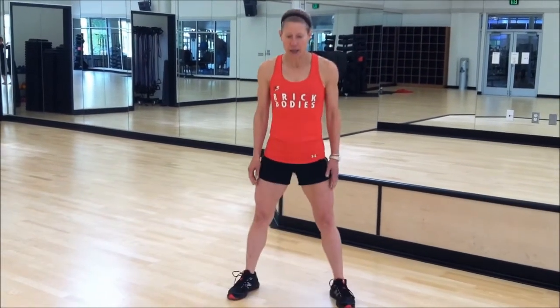As we get involved with our classes and our jumping jacks, we tend to straight leg, landing on the ball of the foot and come halfway in.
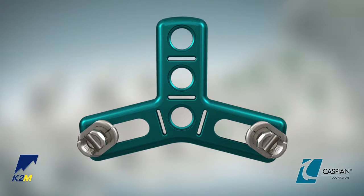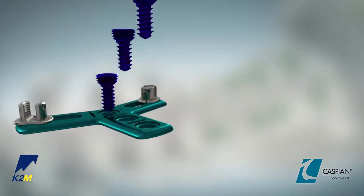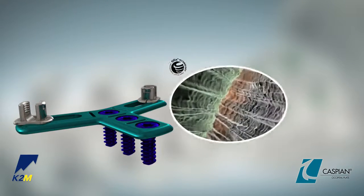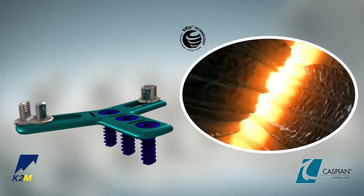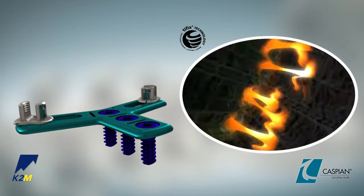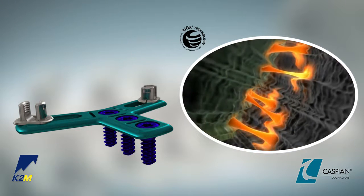This in turn facilitates attachment of the rod to the plate. Further, the occipital plates and the midline screws utilize TieFix locking technology, which allows the screws to lock to the plate upon insertion, eliminating the need for any additional locking mechanism.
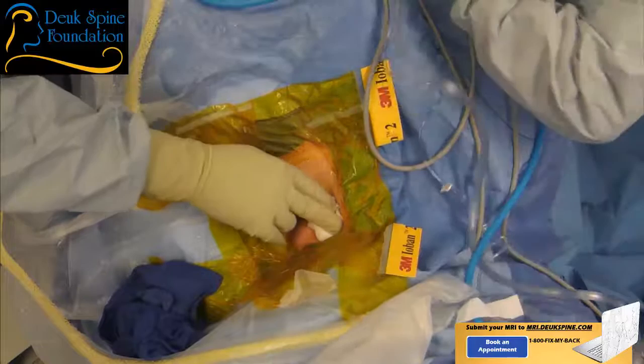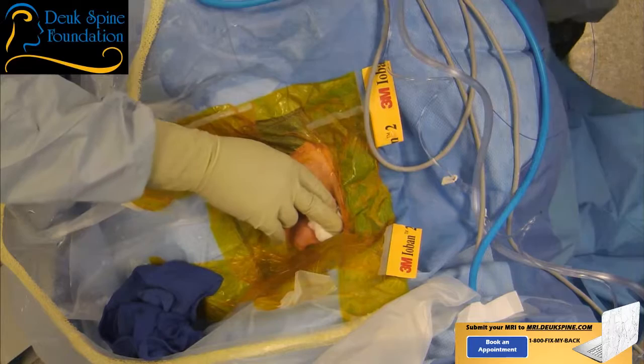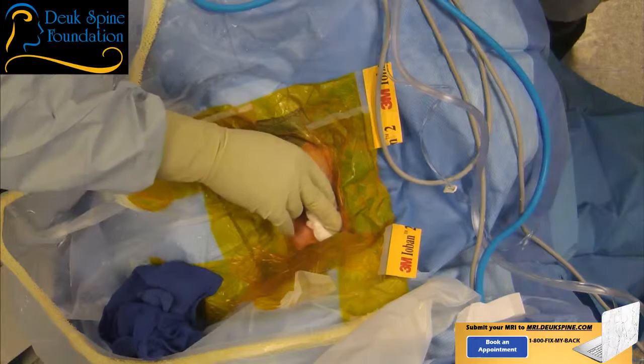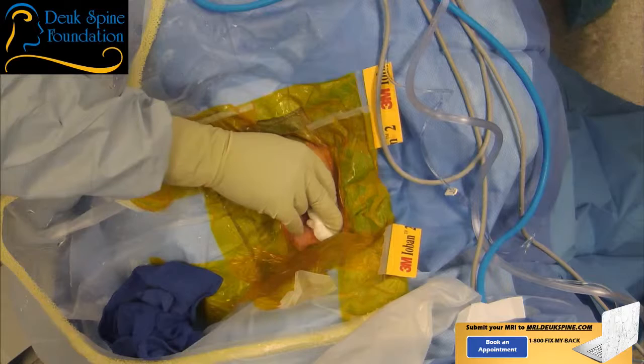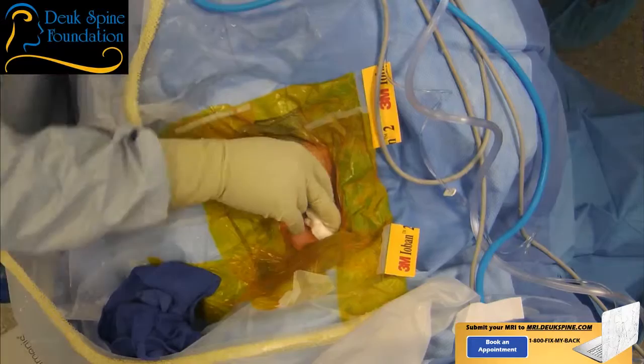There's no bone removed like in a laminectomy, so it keeps the spine stable. The nerve is getting pinched from the front — that's where the disc is — so any surgery that goes through the front has a higher chance of success. Artificial discs, in my opinion, are not as successful because it's very hard to get to the back of the disc to remove the herniation well and still place an artificial disc. A fusion stops the movement. The Duke Laser Disc Repair doesn't take any of the normal disc out — we just take the piece in the back that's pushing on the nerve. There's no need to fuse or put an artificial disc in because we haven't removed the disc; we just removed the herniation.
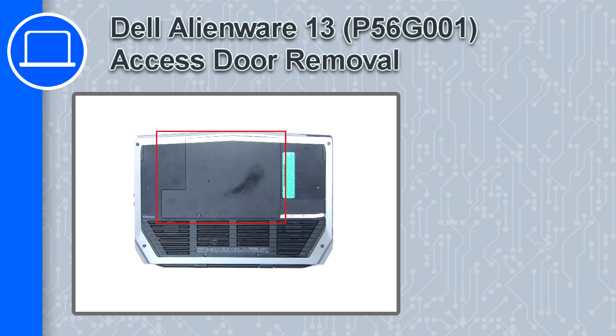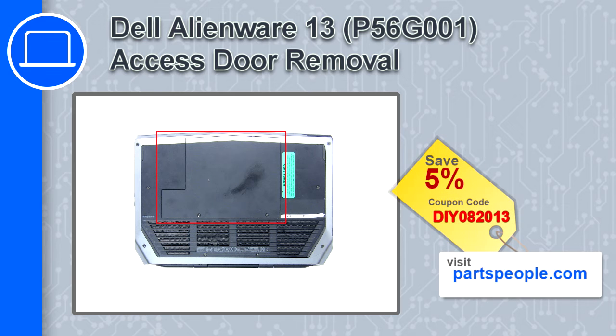Hey, what's up, this is Ricardo and in this video I'll show you how to remove the access door from a Dell Alienware 13. If you're looking for parts for this laptop, go to our website and use this coupon for a 5% off discount.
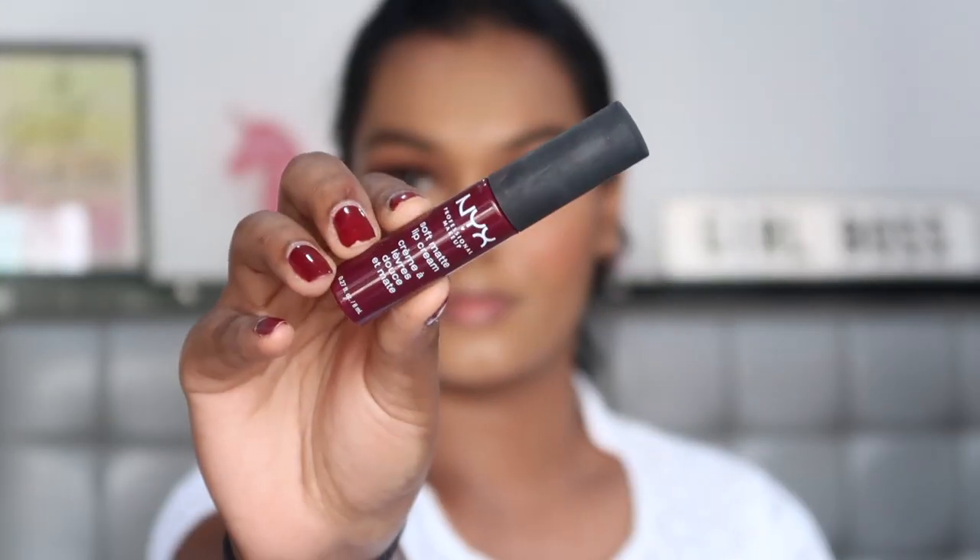For lipstick I'm using the NYX Soft Matte Lip Cream in the shade Copenhagen. If you can't do a bold lip, you can switch it up with a neutral or even a red for a white outfit, but I prefer a bold lip with a neutral eye look.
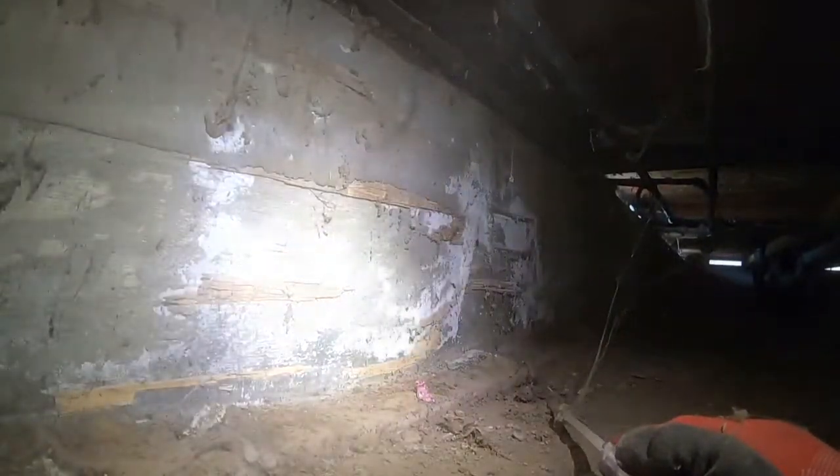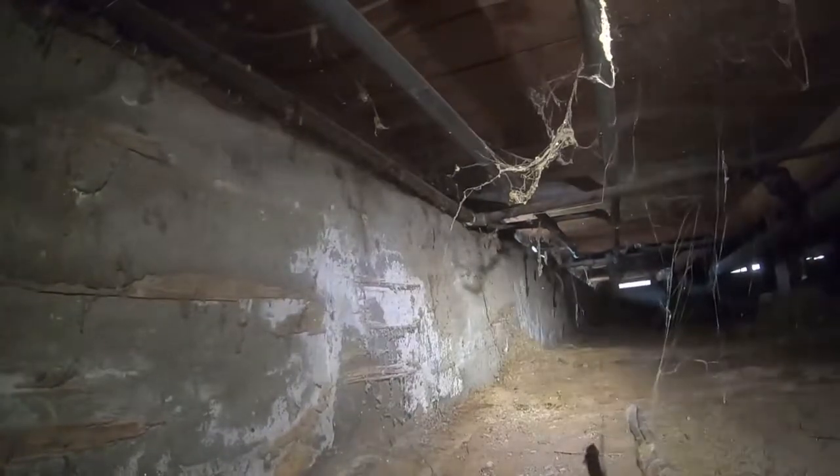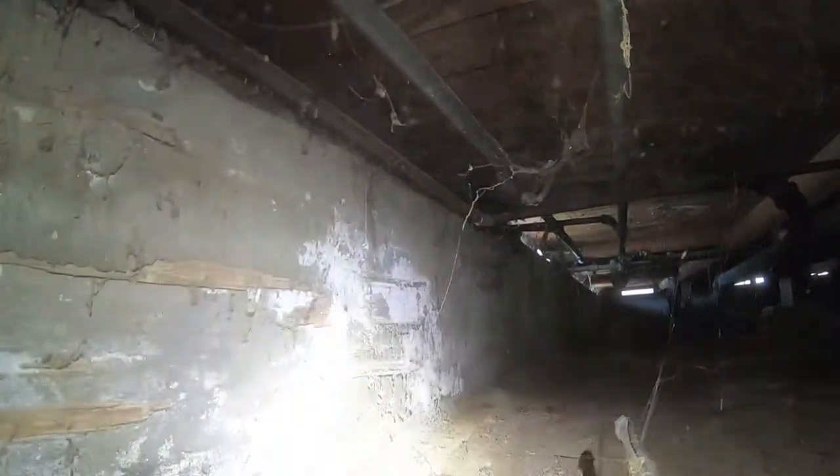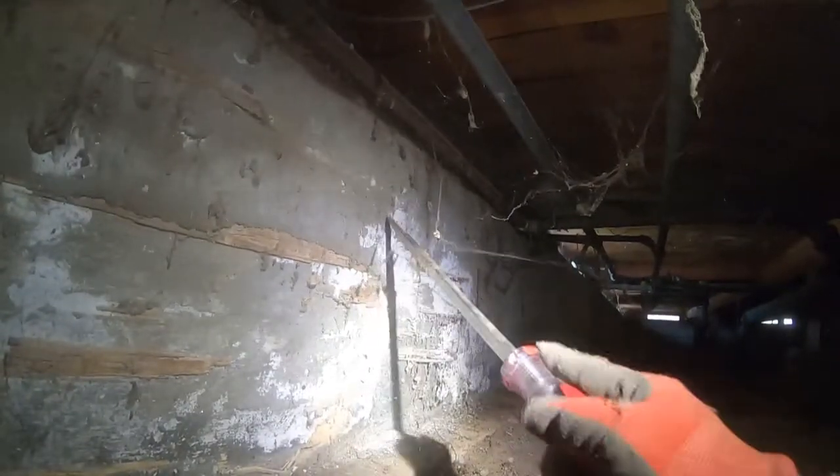I'm down here checking out the stem wall and wanted to point this out. I don't know if you can see — that's white stuff. This is fungus, and what causes this is not proper ventilation. There may have been moisture down here at some point, and this stuff will spread and start to get into the wood.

### What you should do
Print exactly the span of lines that begins with the line containing "Hey, what's up, this" and ends with the last line of the listing, with no pictures.

### Answer to the exercise
Hey, what's up, this is Ricardo and in this video I'll show you how to remove the access door from a Dell Alienware 13. If you're looking for parts for this laptop, go to our website and use this coupon for a 5% off discount.
For lipstick I'm using the NYX Soft Matte Lip Cream in the shade Copenhagen. If you can't do a bold lip, you can switch it up with a neutral or even a red for a white outfit, but I prefer a bold lip with a neutral eye look.
I'm down here checking out the stem wall and wanted to point this out. I don't know if you can see — that's white stuff. This is fungus, and what causes this is not proper ventilation. There may have been moisture down here at some point, and this stuff will spread and start to get into the wood.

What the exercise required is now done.